(Collected data)
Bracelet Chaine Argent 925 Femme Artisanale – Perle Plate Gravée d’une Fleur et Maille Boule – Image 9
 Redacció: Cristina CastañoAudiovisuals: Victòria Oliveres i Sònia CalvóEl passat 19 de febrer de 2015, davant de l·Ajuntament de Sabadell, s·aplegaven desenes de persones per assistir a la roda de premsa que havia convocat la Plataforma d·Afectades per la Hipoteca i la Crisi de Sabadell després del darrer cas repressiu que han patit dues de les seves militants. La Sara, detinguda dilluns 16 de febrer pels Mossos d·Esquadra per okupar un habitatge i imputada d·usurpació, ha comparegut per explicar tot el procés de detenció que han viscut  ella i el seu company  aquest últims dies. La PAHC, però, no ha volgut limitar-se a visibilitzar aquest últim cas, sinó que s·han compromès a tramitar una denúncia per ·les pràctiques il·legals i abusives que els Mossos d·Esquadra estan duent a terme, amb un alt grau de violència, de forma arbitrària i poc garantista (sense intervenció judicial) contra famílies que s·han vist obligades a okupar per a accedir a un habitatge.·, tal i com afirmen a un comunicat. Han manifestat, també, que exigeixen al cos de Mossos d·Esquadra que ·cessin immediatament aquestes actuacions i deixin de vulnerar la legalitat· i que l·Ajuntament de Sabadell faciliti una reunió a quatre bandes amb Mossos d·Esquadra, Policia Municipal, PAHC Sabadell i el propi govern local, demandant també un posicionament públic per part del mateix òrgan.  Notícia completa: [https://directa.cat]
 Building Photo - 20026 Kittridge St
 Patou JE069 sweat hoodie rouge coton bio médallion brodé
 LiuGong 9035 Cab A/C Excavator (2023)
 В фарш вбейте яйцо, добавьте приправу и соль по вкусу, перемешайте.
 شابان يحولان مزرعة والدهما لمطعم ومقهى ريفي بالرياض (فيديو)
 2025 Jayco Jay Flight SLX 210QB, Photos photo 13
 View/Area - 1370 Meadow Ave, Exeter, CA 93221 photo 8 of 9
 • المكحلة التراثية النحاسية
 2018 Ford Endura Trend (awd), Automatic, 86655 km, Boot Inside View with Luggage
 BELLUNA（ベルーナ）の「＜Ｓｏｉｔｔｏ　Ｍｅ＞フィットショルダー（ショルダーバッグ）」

§ **Work required**
The lines from the one holding "Building Photo - 20026 Kittridge St" to the final line of the entries, both included, are what should be output, exactly and alone.

§ **Response to this task**
 Building Photo - 20026 Kittridge St
 Patou JE069 sweat hoodie rouge coton bio médallion brodé
 LiuGong 9035 Cab A/C Excavator (2023)
 В фарш вбейте яйцо, добавьте приправу и соль по вкусу, перемешайте.
 شابان يحولان مزرعة والدهما لمطعم ومقهى ريفي بالرياض (فيديو)
 2025 Jayco Jay Flight SLX 210QB, Photos photo 13
 View/Area - 1370 Meadow Ave, Exeter, CA 93221 photo 8 of 9
 • المكحلة التراثية النحاسية
 2018 Ford Endura Trend (awd), Automatic, 86655 km, Boot Inside View with Luggage
 BELLUNA（ベルーナ）の「＜Ｓｏｉｔｔｏ　Ｍｅ＞フィットショルダー（ショルダーバッグ）」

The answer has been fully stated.